No, Artichoke juice concentrate likely contains high levels of FODMAPs when consumed in typical serving sizes, although it has not been officially tested. Avoid Artichoke juice concentrate to help prevent symptoms. For tailored advice, consider consulting a dietitian specializing in FODMAPs to ensure it suits your dietary needs.
Possible FODMAPs: fructans, fructose
Best Low FODMAP alternatives to Artichoke juice concentrate for your diet
You can substitute Artichoke juice concentrate with bok choy, collard green and kale. These alternatives work well in most recipes and are easier on your stomach if you’re following a low FODMAP diet.
Is artichoke juice concentrate good for people with IBS?
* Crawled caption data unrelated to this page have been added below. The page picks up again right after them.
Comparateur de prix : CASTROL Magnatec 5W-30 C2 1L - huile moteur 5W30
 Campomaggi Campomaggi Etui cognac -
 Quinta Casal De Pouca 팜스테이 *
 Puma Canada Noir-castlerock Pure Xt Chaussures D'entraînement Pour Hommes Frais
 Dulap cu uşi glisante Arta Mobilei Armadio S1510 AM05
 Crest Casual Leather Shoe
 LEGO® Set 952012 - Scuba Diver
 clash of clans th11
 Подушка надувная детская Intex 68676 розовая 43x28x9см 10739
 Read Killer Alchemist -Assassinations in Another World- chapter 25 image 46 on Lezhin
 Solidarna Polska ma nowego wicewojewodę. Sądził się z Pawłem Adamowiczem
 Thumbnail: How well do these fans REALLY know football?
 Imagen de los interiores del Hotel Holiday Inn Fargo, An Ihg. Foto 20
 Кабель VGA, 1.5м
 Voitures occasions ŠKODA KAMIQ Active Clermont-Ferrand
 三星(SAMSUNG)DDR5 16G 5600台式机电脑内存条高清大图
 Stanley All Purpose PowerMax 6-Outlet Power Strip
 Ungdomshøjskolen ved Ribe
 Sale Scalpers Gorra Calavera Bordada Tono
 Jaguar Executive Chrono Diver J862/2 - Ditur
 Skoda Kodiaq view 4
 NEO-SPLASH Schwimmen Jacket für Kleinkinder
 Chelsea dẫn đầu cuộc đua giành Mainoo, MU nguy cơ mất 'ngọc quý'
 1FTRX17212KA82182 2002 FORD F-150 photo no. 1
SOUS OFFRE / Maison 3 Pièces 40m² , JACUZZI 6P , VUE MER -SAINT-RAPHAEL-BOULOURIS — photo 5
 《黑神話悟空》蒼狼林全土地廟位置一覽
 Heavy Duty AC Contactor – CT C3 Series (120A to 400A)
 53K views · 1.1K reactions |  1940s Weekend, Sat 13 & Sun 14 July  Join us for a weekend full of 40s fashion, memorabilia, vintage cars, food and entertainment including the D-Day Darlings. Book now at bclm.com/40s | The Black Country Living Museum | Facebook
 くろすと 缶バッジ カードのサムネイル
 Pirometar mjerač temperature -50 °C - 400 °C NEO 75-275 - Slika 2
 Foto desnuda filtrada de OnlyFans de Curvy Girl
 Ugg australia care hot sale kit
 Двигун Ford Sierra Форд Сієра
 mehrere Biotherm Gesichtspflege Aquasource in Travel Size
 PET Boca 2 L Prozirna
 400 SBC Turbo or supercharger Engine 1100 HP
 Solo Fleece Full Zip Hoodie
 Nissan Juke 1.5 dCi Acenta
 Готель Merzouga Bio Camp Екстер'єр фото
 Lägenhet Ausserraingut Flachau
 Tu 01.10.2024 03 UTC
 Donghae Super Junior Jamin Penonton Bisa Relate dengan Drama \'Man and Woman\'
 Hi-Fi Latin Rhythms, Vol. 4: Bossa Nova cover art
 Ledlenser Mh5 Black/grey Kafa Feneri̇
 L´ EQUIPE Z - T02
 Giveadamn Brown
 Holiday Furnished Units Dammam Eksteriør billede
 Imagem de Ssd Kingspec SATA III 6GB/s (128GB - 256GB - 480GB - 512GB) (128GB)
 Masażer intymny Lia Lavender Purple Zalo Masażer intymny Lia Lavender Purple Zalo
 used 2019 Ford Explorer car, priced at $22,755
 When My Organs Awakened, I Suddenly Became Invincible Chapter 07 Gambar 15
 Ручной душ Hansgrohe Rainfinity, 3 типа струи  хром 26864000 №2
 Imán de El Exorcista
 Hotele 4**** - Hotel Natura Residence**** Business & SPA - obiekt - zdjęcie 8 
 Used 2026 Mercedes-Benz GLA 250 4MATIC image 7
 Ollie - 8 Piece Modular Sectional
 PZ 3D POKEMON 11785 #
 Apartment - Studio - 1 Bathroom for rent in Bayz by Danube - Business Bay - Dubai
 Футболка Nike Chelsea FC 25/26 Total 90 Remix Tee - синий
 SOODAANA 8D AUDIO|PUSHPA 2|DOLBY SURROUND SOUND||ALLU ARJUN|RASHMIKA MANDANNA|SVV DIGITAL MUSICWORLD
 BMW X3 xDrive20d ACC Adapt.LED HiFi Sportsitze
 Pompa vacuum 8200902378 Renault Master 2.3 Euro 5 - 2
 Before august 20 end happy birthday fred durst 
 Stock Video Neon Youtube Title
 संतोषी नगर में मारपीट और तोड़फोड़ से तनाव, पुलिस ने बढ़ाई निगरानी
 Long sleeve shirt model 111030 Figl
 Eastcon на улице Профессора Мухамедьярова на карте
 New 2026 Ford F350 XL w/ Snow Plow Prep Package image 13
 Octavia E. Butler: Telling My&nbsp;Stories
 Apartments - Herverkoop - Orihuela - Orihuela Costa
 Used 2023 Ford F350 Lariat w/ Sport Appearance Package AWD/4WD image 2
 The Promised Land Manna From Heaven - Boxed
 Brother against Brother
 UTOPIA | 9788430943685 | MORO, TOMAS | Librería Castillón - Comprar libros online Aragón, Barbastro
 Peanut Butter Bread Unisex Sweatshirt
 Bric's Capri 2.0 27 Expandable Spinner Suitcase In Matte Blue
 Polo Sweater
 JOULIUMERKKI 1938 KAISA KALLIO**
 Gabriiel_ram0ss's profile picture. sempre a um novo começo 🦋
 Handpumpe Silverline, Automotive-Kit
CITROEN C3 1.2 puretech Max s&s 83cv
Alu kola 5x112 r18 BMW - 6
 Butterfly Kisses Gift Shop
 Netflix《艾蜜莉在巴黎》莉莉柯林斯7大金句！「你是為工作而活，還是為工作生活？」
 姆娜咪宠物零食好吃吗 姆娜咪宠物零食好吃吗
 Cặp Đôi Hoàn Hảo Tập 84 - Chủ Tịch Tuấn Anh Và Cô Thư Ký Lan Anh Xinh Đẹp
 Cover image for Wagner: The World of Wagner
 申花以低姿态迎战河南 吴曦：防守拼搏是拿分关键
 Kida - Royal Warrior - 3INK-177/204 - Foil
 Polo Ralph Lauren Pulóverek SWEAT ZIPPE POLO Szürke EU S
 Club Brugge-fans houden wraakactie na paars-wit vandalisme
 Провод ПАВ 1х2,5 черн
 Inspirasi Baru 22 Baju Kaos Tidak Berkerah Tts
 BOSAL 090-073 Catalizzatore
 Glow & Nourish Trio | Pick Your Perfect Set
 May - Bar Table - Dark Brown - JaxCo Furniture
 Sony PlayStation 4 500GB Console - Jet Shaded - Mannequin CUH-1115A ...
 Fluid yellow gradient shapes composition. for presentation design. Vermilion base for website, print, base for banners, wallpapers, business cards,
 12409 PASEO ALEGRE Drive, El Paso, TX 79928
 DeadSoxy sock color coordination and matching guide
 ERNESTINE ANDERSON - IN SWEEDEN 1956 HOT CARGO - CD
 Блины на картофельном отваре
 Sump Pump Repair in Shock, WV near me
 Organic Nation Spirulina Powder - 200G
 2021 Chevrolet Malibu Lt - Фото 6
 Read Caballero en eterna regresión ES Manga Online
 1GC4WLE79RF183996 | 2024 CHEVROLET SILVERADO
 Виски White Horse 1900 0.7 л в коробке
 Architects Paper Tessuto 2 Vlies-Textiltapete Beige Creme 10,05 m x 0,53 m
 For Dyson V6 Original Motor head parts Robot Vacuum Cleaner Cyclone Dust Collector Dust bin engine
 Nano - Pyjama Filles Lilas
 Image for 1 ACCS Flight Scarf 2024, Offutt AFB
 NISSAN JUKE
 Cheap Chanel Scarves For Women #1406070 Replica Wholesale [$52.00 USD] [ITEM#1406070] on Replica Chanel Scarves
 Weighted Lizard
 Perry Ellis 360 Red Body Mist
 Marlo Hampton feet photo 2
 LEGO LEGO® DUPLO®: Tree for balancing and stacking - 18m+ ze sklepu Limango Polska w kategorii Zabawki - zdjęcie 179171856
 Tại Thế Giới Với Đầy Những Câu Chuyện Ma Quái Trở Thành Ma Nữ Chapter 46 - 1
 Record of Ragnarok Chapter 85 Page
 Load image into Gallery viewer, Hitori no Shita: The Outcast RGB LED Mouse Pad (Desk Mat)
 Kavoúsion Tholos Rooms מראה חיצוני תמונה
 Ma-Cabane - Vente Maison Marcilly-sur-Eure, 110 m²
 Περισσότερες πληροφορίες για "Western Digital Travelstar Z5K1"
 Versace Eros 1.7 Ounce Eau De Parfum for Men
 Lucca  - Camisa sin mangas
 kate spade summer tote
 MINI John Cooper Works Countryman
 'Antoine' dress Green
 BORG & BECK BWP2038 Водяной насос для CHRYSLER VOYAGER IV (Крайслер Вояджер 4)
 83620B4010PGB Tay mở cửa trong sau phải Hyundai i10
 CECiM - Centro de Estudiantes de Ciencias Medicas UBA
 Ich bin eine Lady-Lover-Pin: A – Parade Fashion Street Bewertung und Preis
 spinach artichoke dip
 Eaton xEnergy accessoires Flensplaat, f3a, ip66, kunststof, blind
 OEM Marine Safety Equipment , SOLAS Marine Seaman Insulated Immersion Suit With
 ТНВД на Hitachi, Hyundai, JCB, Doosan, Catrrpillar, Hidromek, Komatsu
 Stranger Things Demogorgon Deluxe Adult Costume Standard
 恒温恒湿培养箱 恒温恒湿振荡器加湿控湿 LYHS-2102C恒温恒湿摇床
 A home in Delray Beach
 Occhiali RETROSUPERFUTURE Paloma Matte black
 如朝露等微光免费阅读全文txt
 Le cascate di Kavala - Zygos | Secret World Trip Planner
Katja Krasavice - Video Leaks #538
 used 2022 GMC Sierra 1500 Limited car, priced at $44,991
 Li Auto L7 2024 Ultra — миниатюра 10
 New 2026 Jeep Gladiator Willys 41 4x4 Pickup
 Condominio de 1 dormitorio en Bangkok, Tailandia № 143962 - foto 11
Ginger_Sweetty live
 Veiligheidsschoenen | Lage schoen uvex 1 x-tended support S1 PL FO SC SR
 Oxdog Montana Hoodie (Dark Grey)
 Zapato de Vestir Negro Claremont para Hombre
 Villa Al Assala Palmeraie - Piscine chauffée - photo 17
Artichoke juice concentrate can be high or low in FODMAPs depending on the serving size. For those managing IBS or SIBO during the elimination phase, it’s recommended to stick to smaller, safer portions, limit medium portions, and avoid large ones in a single meal. Allow adequate time between meals to support digestive processing and minimize potential IBS symptom triggers.
Pro tip: Ingredients under 2% of a product or used for colouring are typically too minimal to trigger FODMAP reactions.
About Artichoke juice concentrate
Artichoke juice concentrate, often used in beverages and health supplements, is derived from the artichoke plant and is rich in antioxidants and nutrients, with no known harmful effects on people.